Without a unique identifier, this comes down to comparing various fields of the record against properties of known individuals. However, when data comes in a variety of formats, with mistakes and missing values, this is not always straightforward. For example, it's difficult to tell which of these represent the same person:
| Title | Name 1 | Name 2 | Name 3 | DOB | Address 1 | Address 2 | Address 3 |
|---|---|---|---|---|---|---|---|
| Miss | Jane | H | Doe | 01/01/1980 | 10 Main Street | Leeds | W YORKS |
| Ms | J | Doe | 01/01/1950 | 10 Main Street | Horsforth | Leeds | |
| Jane | Do | 10 Man Street | Leeds | W YORKS | |||
| Mrs | Jayne | H | Dow | 01/01/1980 | 18 Main Street | H'fth | yorks |
| Miss | Jane | H | Doe | 10 Main Street | Leeds | W YORKS |
When you consider the not uncommon situations of twins with similar names, or parent and child with the same name, living at the same address, you can see the complexities.
Solving the whole problem involves many different techniques, and can be adjusted depending on how important it is to avoid under or over-matching. There is no right answer as to whether two records represent the same person or not.

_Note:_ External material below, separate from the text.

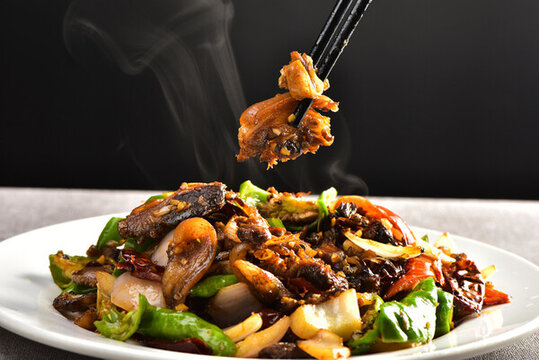 爆炒羊頭肉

One sub-problem, which is better defined and has a definite answer, is determining how similar two strings of characters are:
distance("schmit", "smithe") = ?
There are several well-known ways of comparing strings, such as using Levenshtein distance or Hamming distance, but the important things is that once you have a measurement you can use that as part of your overall strategy.
Write an algorithm that can take two strings and give a value representing their similarity. You can try and implement one of the algorithms described in the other document (Levenshtein distance or Hamming distance), or make up your own.
Test it to see if it gives results that match your intuition about how similar some names are.